By Nivedita Bhattacharjee
CHICAGO (Reuters) - Groupon India has removed at least two deals for clothes by retailers American Eagle Outfitters Inc
"The retailer is not authorized to sell this product, we will investigate the situation to determine appropriate next steps," American Eagle Outfitters spokesperson Rachel DiCarlo told Reuters in an email. She said the company could not be specific at this time about whether it will pursue legal charges.
Crazeal.com, a Groupon-owned Indian web site that offers daily deals on items ranging from clothing to spa deals to vacations, did not respond to an email seeking comment, but its parent company, Groupon, said they have taken the deal away.
Crazeal offered deals to sell American Eagle linen shirts, Abercrombie & Fitch T shirts and Hollister socks on its website at discounts of more than 50 percent.
"We were led to believe that the products sold by our partner were authorized by American Eagle, but upon review, have determined that they do not possess those rights. Because of the error, we have immediately removed the deal from our site," a Groupon spokesperson told Reuters.

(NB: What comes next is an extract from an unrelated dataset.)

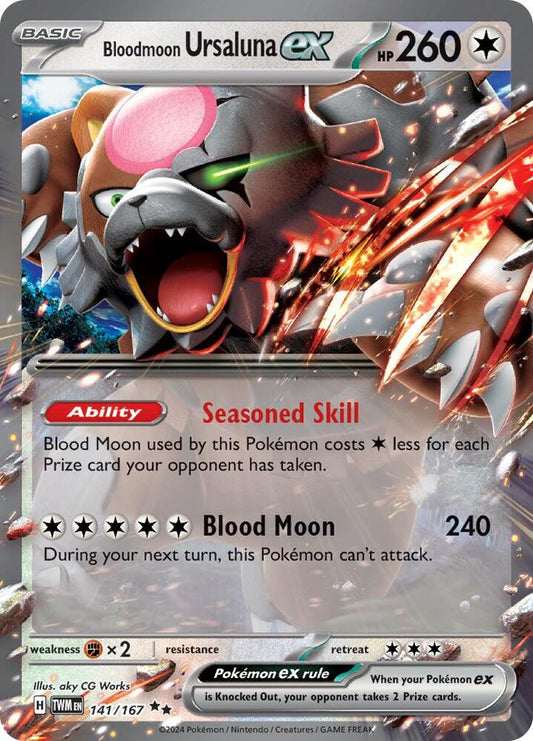 Bloodmoon Ursaluna ex - 141/167 Holofoil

Groupon later said it had removed the deal offering Abercrombie & Fitch T shirts while it verifies the reseller certificate.
Groupon, a daily deals website was started by music graduate Andrew Mason. As a private company, Groupon was one of the fastest-growing businesses in history and in November pulled off one of the largest Internet IPOs of the past decade, valuing the company at well over $10 billion. It bought the Indian website, then called sosasta.com, in 2011.

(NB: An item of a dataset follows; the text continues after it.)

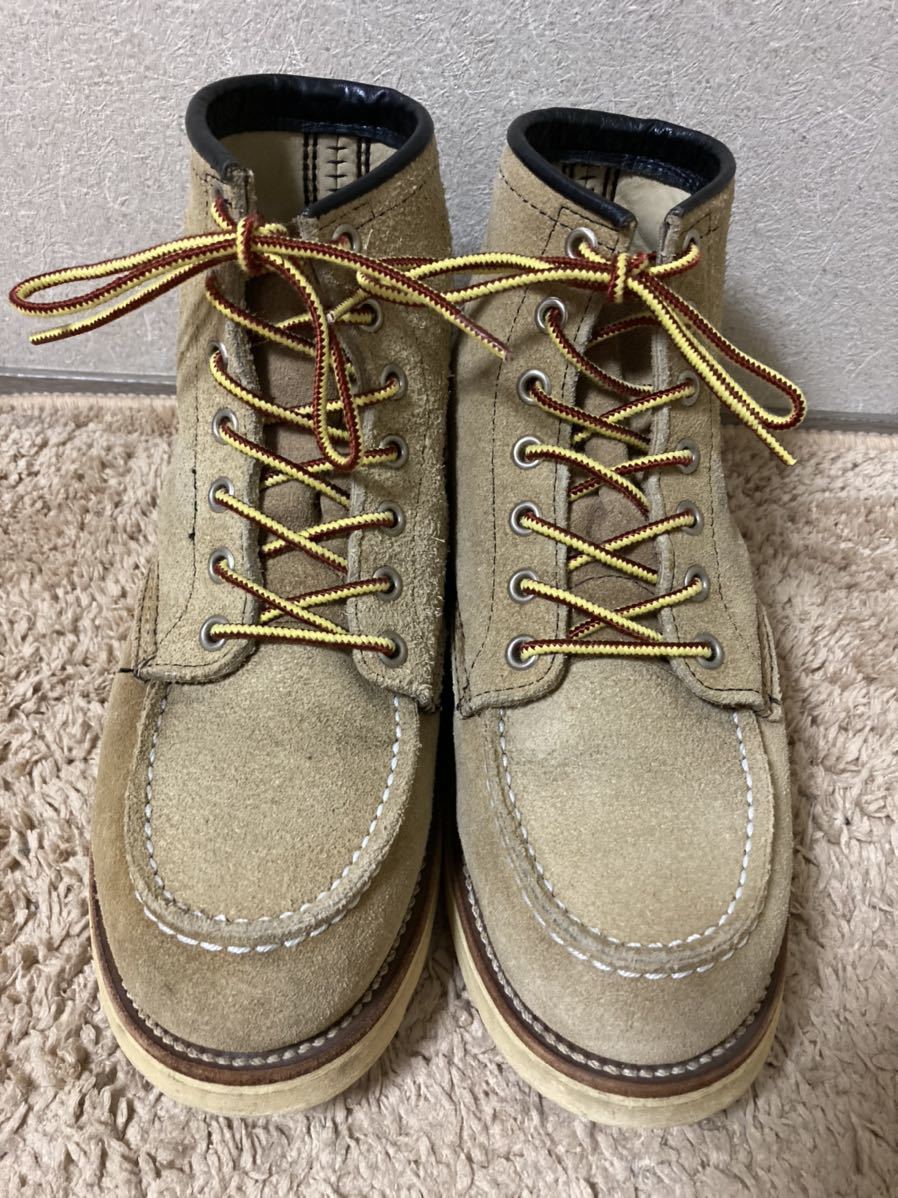 四角犬タグ RED WING 8173 アイリッシュセッター スエード 6.5E レッドウイング ビンテージ_画像2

Neither American Eagle nor Abercrombie have a presence in the Indian market. Online retailers often sell dated merchandise from international brands in markets where there is demand, but they have to make sure their suppliers are authorized to sell the merchandise in those countries.
International retailers have been eyeing the Indian market for years now, but various laws and regulations make it difficult for them to break into the territory.